The three-member Land Use Committee recommended that the company–whose officials have asked that its identity not be revealed as it negotiates deals with both Joliet and somewhere in northwest Indiana–get a partial real estate tax abatement for five years and not be required to pay for a building permit.

The tax abatement is worth more than $300,000, and the building permit would be about $700,000.

The tax break, a 50 percent reduction, will be on the full council’s agenda Tuesday. Council members can grant the abatement without knowing the name of the company or can delay action until the name is revealed, officials said.

The company also is requesting tax relief from Will County, which would consider the request next month or in March, officials said, adding that by policy, the identity has to be known prior to consideration.

The company has asked officials at the Joliet/Will County Center for Economic Development to keep its name confidential. The company will be identified within a few weeks, after it decides which location to pick for the distribution center, said James Haller, Joliet’s economic development director.

Last week the school boards for Joliet Township High School District 204 and Laraway Elementary School District 70-C endorsed the proposal.

The company, which has stores in the Chicago area, is negotiating to buy a 110-acre site at Laraway Road and Illinois Highway 53. The location is a few miles southeast of the intersection of Interstate Highways 55 and 80 and is north of a rail yard that recently opened in an 1,800-acre industrial park being built in Elwood on the grounds of the former Joliet Arsenal.

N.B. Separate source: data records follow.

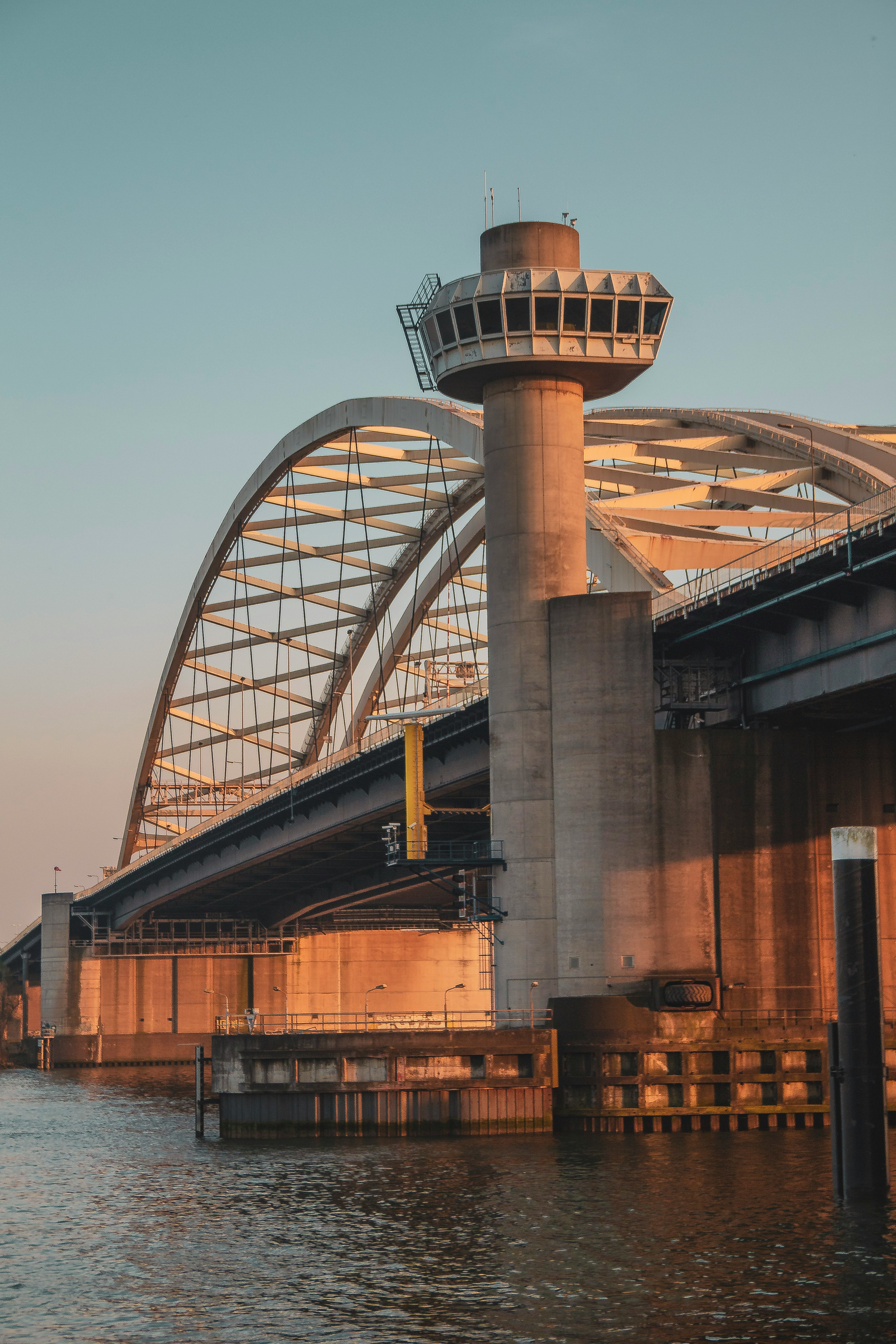 gray concrete bridge over river during daytime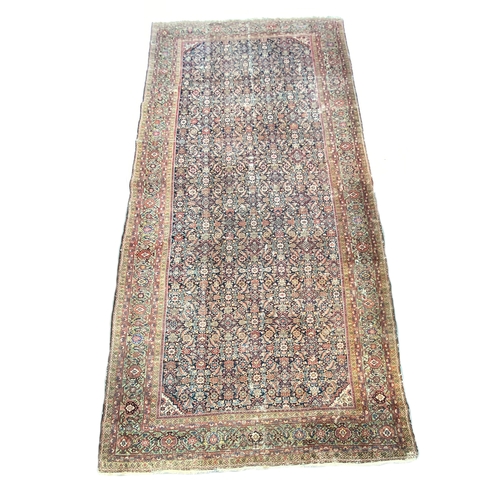 485 - A very large Persian rug with green border, 483x230cm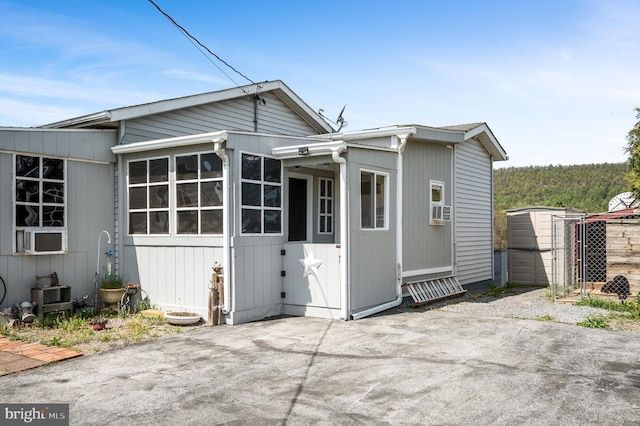 back of house featuring cooling unit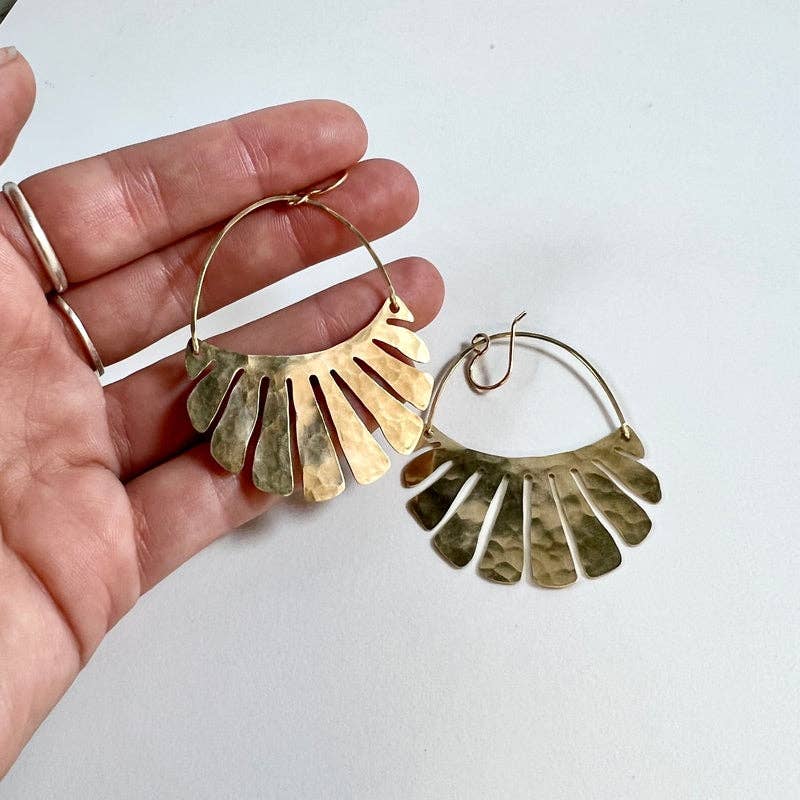 The Freya Earrings by Fluff Hardware are handcrafted gold statement earrings featuring hammered raw brass pendants suspended from hypoallergenic 14k gold filled ear wires. Designed to move beautifully with the wearer, these small-batch earrings offer a warm, luminous finish that works just as well for everyday wear as for special occasions—an artful, versatile gift for lovers of modern, handmade jewelry.
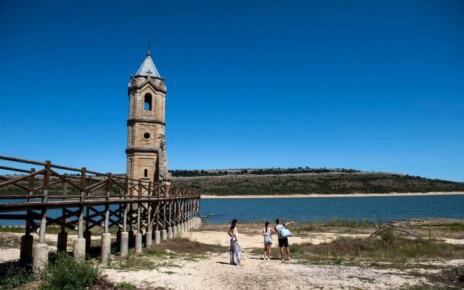 The ruins of San Roque church in Villanueva, normally submerged partially in the waters of the Ebro reservoir, in the northern province of Cantabria, are now visible entirely on solid ground due to the ongoing drought that has caused the reservoir to be at 32.72% of its capacity, on August 8, 2023. The Iberian Peninsula is bearing the brunt of climate change in Europe, witnessing increasingly intense heatwaves, droughts and wildfires. The Spanish met office (AEMET) issued maximum red alerts for parts of Andalusia in the south, the Madrid region in the centre and the Basque Country in the far north. (Photo by ANDER GILLENEA / AFP) (Photo by ANDER GILLENEA/AFP via Getty Images)
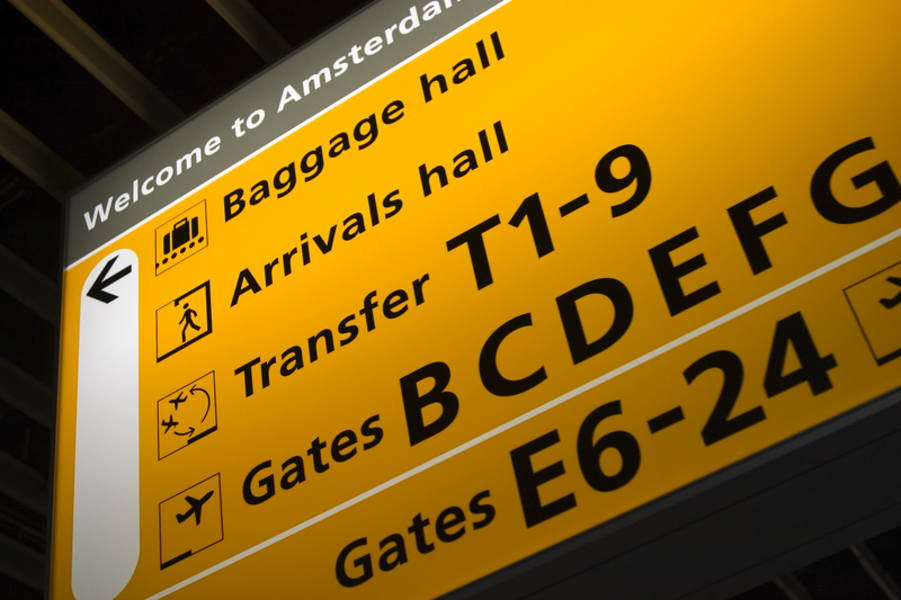 Low angle view of a sign board at an airport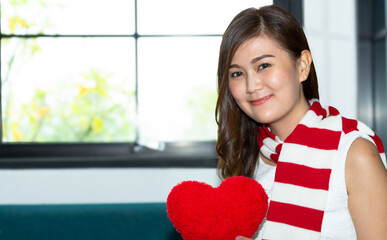 Portrait young woman smiling good looking black hair, lady holding red heart looking at camera with positive expression, wearing checkered shirt. Indoor studio shot winter windows background.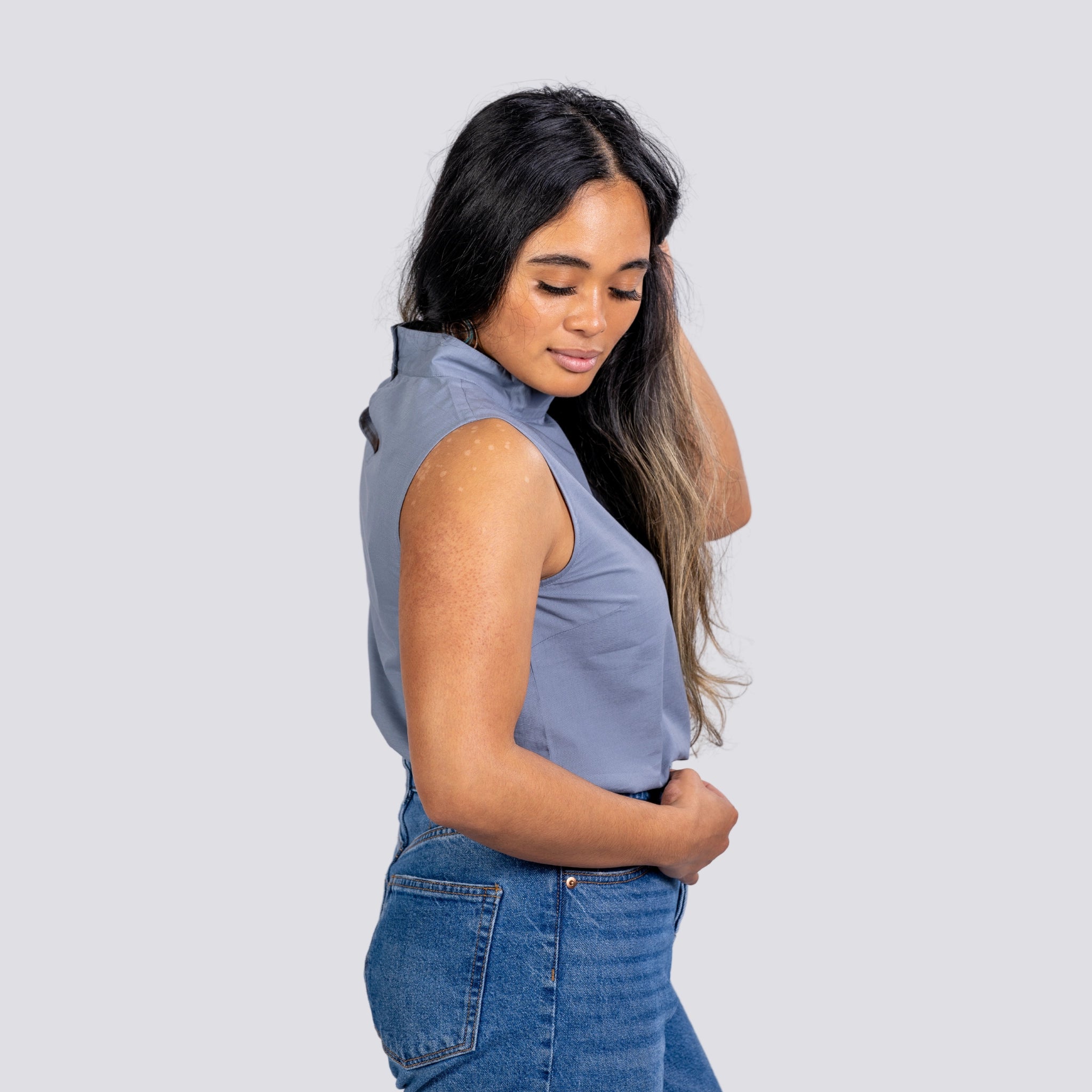 A woman in a Karee Linen Sleeveless Top in Classic Grey and jeans stands with her side to the camera, looking down and smiling slightly.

The company proposes erecting a 1.2 million-square-foot building that could be expanded to 1.5 million square feet, said Aimee Ingalls, economic development manager for the Joliet/Will County center. The company could employ 195 to 295 people, officials said.

“They are really close to making a decision, and this helps as they go forward with the process of tying up loose ends,” Ingalls said after the committee vote.

Committee members noted that the distribution center would generate tax revenue without creating expenses for schools.

“If this was developed as a residential project, it would produce thousands of kids for the schools,” Councilman Tim Brophy said before the vote.

“The school districts tell us to go get commercial developments,” Haller said. “This is a high quality company, and we would be happy to have them here.”

For the 2001 tax year, the owner of the site was billed $230 for taxes to the City of Joliet, according to a city memo. For the first year after a building is constructed, the taxes due the city would be $129,421, the memo said.

With the five-year abatement, the company would only pay $64,710 a year in taxes to Joliet–a $323,552 savings for the firm. For the 2001 tax year, the site generated $764 for the Laraway district and $615 for Joliet Township.

According to city projections, the value of the land after a building is developed would produce a $428,000 tax bill for the Laraway district and a $345,000 tax bill for the Joliet high school district.